FPS (Frames Per Second) is the number of consecutive images captured by a CCTV camera that are used to form the recorded video.
The human brain can process approximately 12 separate images per second so any additional images sent during that second will create the illusion of fluid motion. Therefore by adding 1 additional image to each perceivable image we arrive at 24 frames to achieve what will be perceived as completely fluid motion.
The PAL video format selected 25 FPS as the standard for motion display and this is referred to by CCTV manufacturers as real time due to it being the point that motion appears to flow as it would be really expected to.
Most recorders can record a number of overall frames per second which is then divided between the number of available cameras up to a maximum of 25 FPS each.
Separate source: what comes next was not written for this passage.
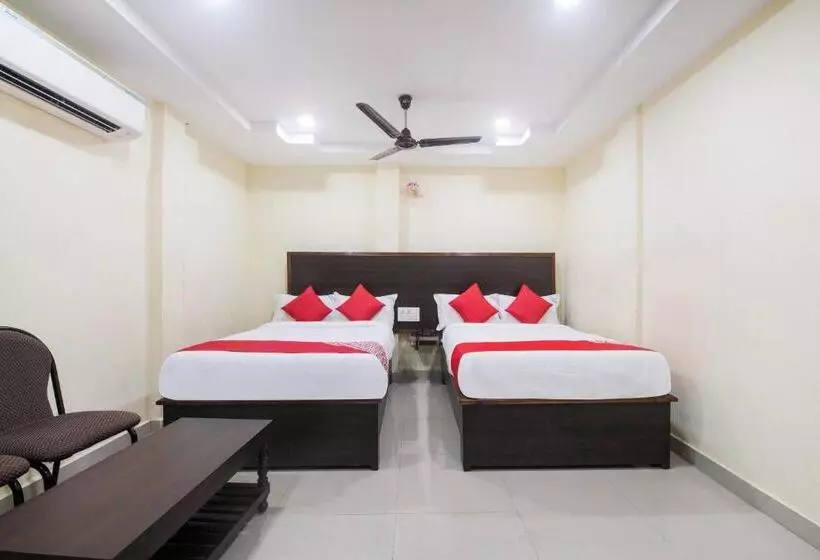 ホテル Durga Bhavani Residency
For example an entry level recorder may offer 100 FPS across 4, 8 or 16 channel versions of the unit. The 4 channel unit could therefore record each camera at 25 FPS but the 8 channel would be limited to 12 FPS if all channels were in use and the 16 only 6 FPS.
Higher specification recorders will offer up to 400 FPS meaning real time can be achieved across all 16 cameras simultaneously.
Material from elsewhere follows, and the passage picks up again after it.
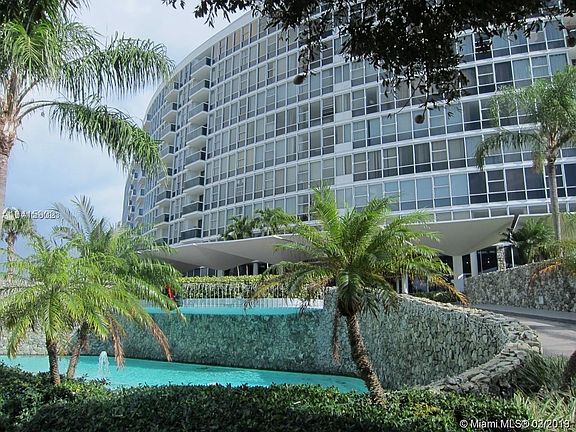 2nd image of 900 Bay Dr APT 209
They may however only offer real time recording at lower quality settings due to the processing power limitations of the recorder. It is recommended that when selecting a recorder that is carefully examined to achieve the recoding quality and frame rate.
FPS can be set per camera on most professional recorders allowing your system to be tailored to balance fluid motion with the need to save recording space and increase the available playback time. Many situations only require lower frame rates and can be set up accordingly.
This will be considered along with many other factors when designing and planning a CCTV system.